# Early fall harvest



## rockbot (Sep 28, 2010)

The weather has been dry this year in my area . For us that is good but the rest of the Island is drying up. We got a really good harvest and my wife has been canning like crazy. Too bad canning jars are so expensive out here. We use old jars for our personal use but the ones we sell are new. I do all the picking and cleaning and hand it over to the woman.[]

 These are ohelo berries. Kind a like cranberrys.


----------



## rockbot (Sep 28, 2010)

cooking them up.


----------



## rockbot (Sep 28, 2010)

figs


----------



## rockbot (Sep 28, 2010)

strawberry and fig jam. My favorite.


----------



## rockbot (Sep 28, 2010)

guava's


----------



## rockbot (Sep 28, 2010)

guava jam.


----------



## rockbot (Sep 28, 2010)

macadamia nuts.


----------



## rockbot (Sep 28, 2010)

coffee beans.


----------



## SAbottles (Sep 28, 2010)

Great pictures, Rocky. I just had breakfast but now I'm hungry again ! Amazed you find time to dig with all that to do.


----------



## rockbot (Sep 28, 2010)

And for those of you that stuck around...
 A few bottles I got last week. Checked out an old friend on Sunday and found out he bought an old ranch. Well I had to ask and the rest was history. Got one good bottle just scratching around the tree line. Found a deep cistern and a 1920's bottle pit but mostly junk. There was quit a few broken milks, like 15 of them.[]


----------



## rockbot (Sep 28, 2010)

A nice tooled Peacock whiskey, a later variant so not much going for it but really nice condition.


----------



## rockbot (Sep 28, 2010)

Had a lot of tooled beers, this was a nice seedy one.


----------



## rockbot (Sep 28, 2010)

Aloha Dale, 
 good to see you online. Yeah been busy but got to always find them bottles.
 I was actually delivering hogs to my friend when the bottle question came up and he told me about this new property they bought. Its only 19 acres but it has a large steel warehouse included. They actual own a 20,000 acre ranch as well so they are big time cattle ranchers. The drought has been hard on there cattle and they have to haul water now.[]

 Aloha, Rocky


----------



## rockbot (Sep 28, 2010)

Oh by the way Dale, thanks for sending pics of some of your bottles. You got some killer stuff out your way. Quite a fine collection.

 Rocky


----------



## SAbottles (Sep 28, 2010)

Hi Rocky; I can appreciate the water problem; we have areas here about 400km up the east coast where they have declared disaster areas because of water shortage and farmers have lost their livelihoods.
 Can't you train the hogs to root for bottles - and then not eat them ? lol.! (hogs not eat the bottles that is !)


----------



## rockbot (Sep 28, 2010)

Actually I have found quite a few bottles in the gulches and rivers from wild pigs rooting around them.
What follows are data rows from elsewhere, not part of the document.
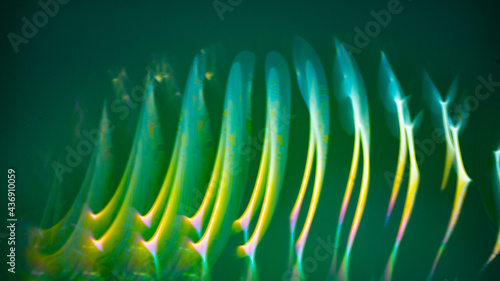 Abstract photo in green, yellow, magenta, pink, blue tones and dark background. 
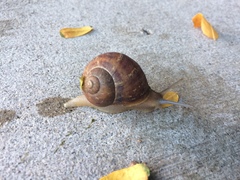 Cornu aspersum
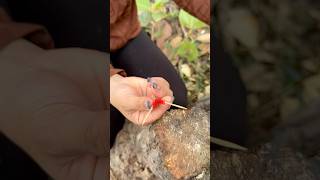 Survival Skills Single mom show SMART idea and USEFUL in forest camping bushcraft outdoor [upl. by Namlaz544]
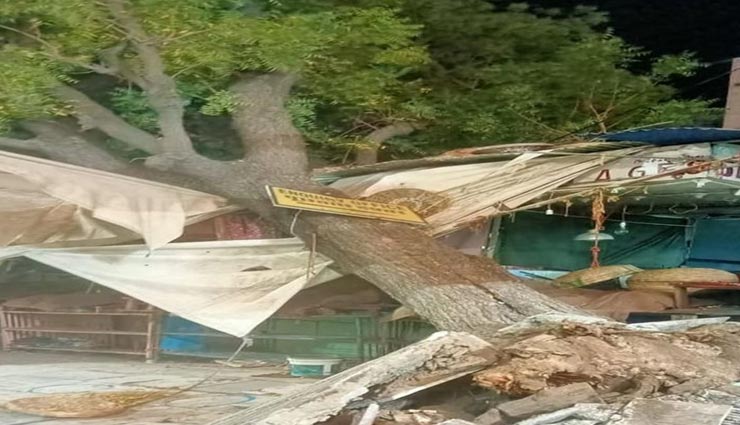 अजमेर दरगाह पर बड़ा हादसा होने से टला, अचानक गिरा बरसों पुराना नीम का पेड़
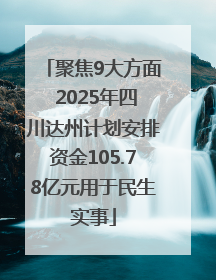 聚焦9大方面 2025年四川达州计划安排资金105.78亿元用于民生实事
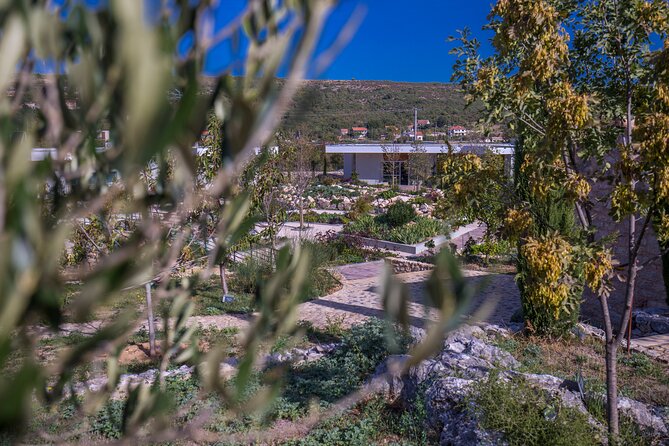 Olive Museum Klis With Educational Olive Oil Tasting - Exploring the Olive Museum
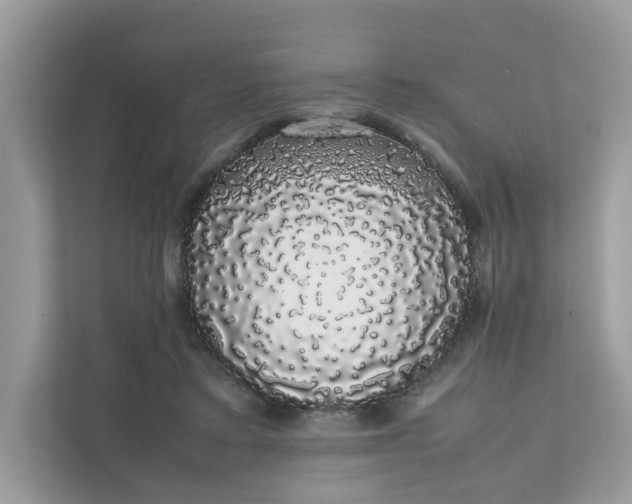 X0000111880403200907301141
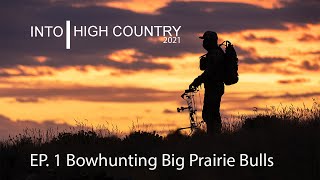 Bowhunting Big Prairie Bulls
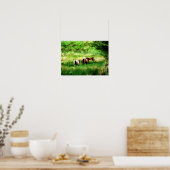 POSTER CHEVAUX (Cuisine)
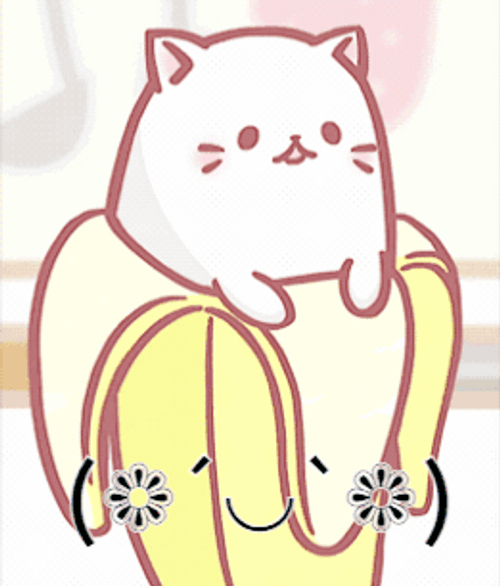 Sleeping On Peeled Banana Cat Meme GIF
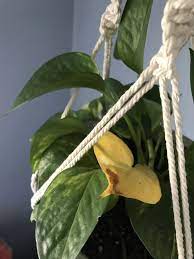 Pothos Leaf Turned Yellow Google Says Its From Overwatering And Root Rot Can Anyone That Knows About This Plant Confirm Thats What Plants Plant Leaves Leaves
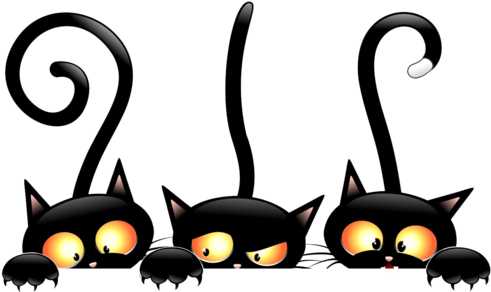 Halloween Black Cats - Witch Cat Png (500x298), Png Download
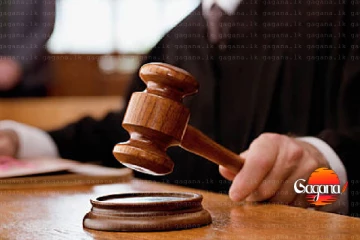 අන්ධ අලියා අලියා පුළුස්සා මැරූ තිදෙනාට ඇප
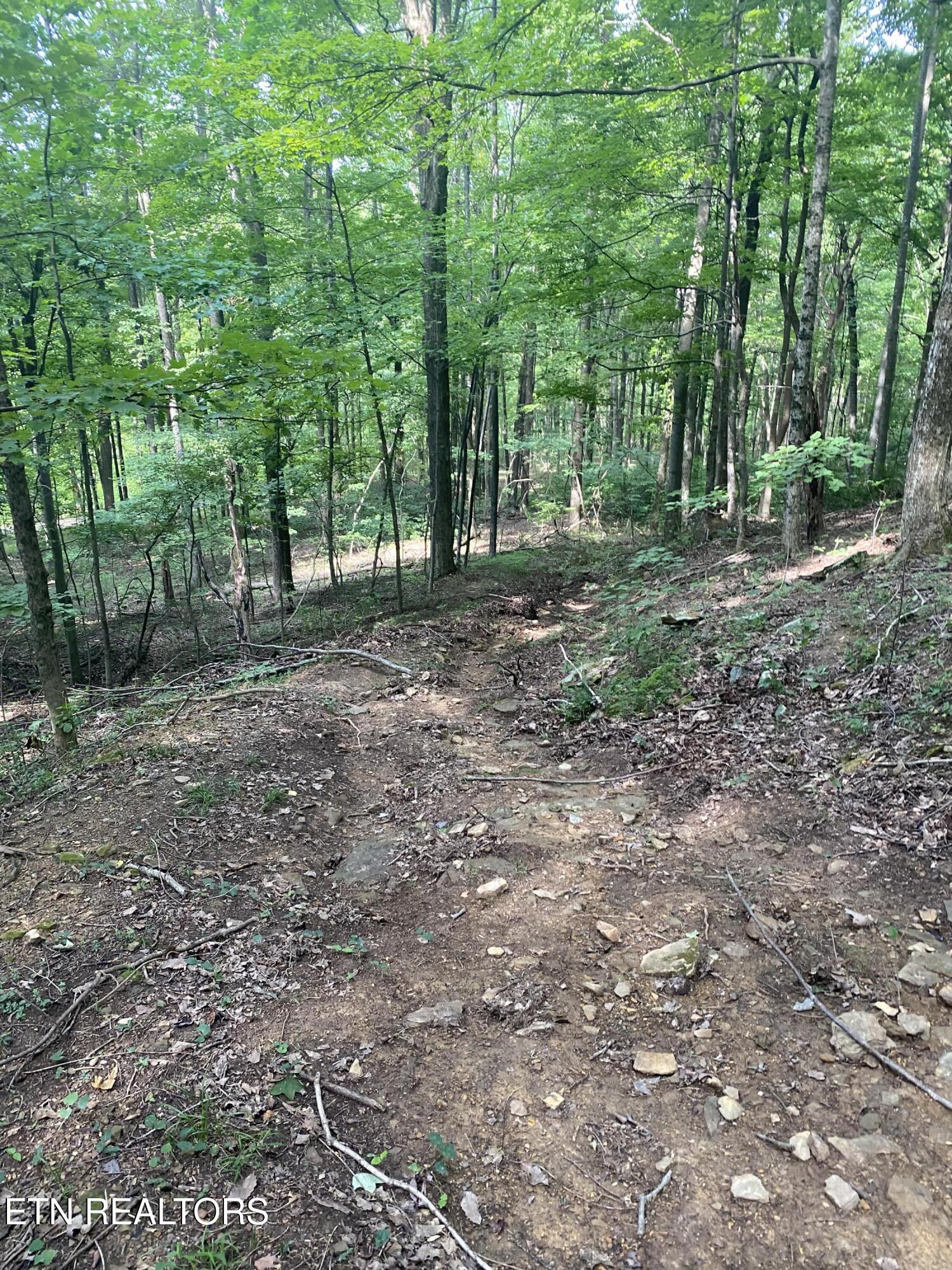 44 Acres Sheep Bluff Road Cookeville TN 38506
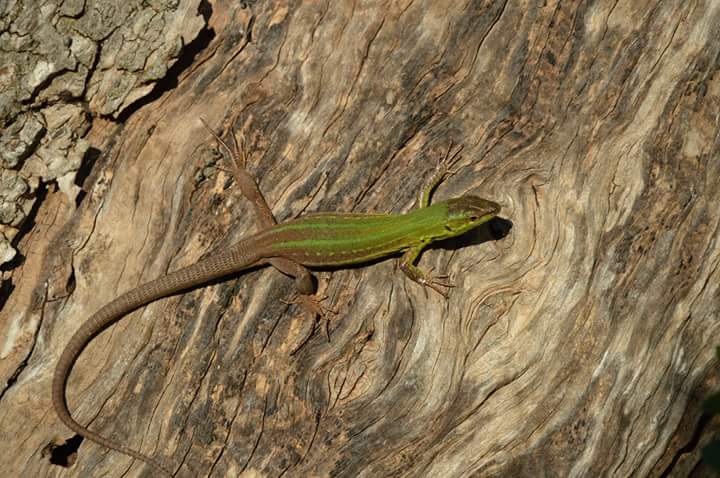 AzPietrasanta's tweet image. In tutte le cose della natura esiste qualcosa di meraviglioso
I often follow there trails down and along the gulches. They turn up all sorts of things.

 Rocky


----------



## blobbottlebob (Sep 28, 2010)

Hey Rocky,
 Cool post. Ojelo - figs - guava - macadamia - and coffe still in the beans. Sounds like a trip to one of those expensive grocery stores. On my lot, the only thing we grow are rasberries (but they are yummy). Picture later maybe . . .


----------



## RedGinger (Sep 28, 2010)

> ORIGINAL: blobbottlebob
> 
> Hey Rocky,
> Cool post. Ojelo - figs - guava - macadamia - and coffe still in the beans. Sounds like a trip to one of those expensive grocery stores.


 
 Yes, it does.  How lucky you are, Rocky!  I enjoy hearing about and seeing your tropical fruit, etc.  It all looks delicious.  It's nice to read about such a pleasant part of the world.


----------



## rockbot (Sep 28, 2010)

Hi Bob, the coffee beans are the hardest to deal with. Got to get them just right other wise yuck!
 Rasberries sound good. Do they have thorns?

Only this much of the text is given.